In the Rikai area of Uganda – photographing for The Master Cares Foundation
Sunday was slow and a time of rest here in Uganda. Despite the warnings of danger on Masaka-Kakuti rd, I left the confines of my motel (alone) and strolled down the red dirt road into the little town of Kalisizo to see if I could find anything interesting to photograph. I don’t know if the warnings given were due to the dusk traffic being so dangerous (think beat up boda boda’s sailing past you in the dark with no headlights, many carrying four to five people and missing you by inches), or if it was due to the fact that what I held in my hand cost more than the average Ugandan makes in a lifetime. Either way, I was undaunted as prior warnings around the world have always fallen on (my) deaf ears, allowing for adventures that will be remembered for a lifetime.

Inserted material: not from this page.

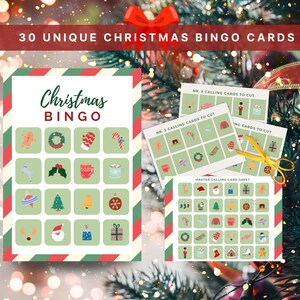 Christmas Bingo Printable Cards for Party Nights - Christmas Party Bingo for Family Reunion Games, Fun for Adults & Kids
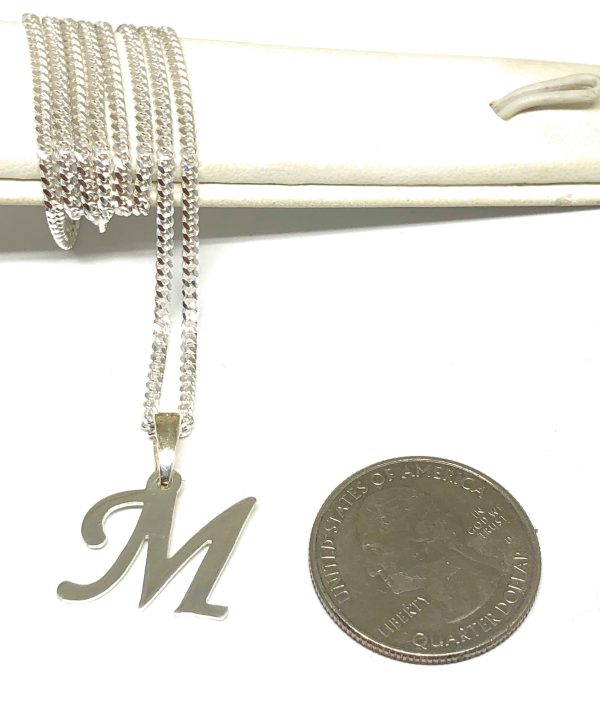 .925 Silver Custom Cursive Initial Pendant Necklace with Chain Options Online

After only a few strides down Masaka-Kakuti rd I met my soon-to-be new friend Isaac who was wearing a nice shirt and a friendly smile. In minutes the decision was made for Isaac to accompany me on my adventure, adding a layer of safety for this tall Mzungu (friendly, Ugandan term for white people) who stands out here rather badly. In return, I bought Isaac and his friend Prosper some hot off the grill Matoke (grilled plantains) and Chapatie (bread). In a short time they welcomed me as one of their own, calling me a Ugandan at heart. I thoroughly enjoyed this impromptu culinary adventure, almost as much as the conversations that we shared. My camera, and why I carry it once again opened the door for me to share my testimony – “trust, faith and change “.
.The elements for enjoying life are not complicated, it just requires some curiosity, trying new things, crossing cultural boundaries and living life with an open heart and open hands.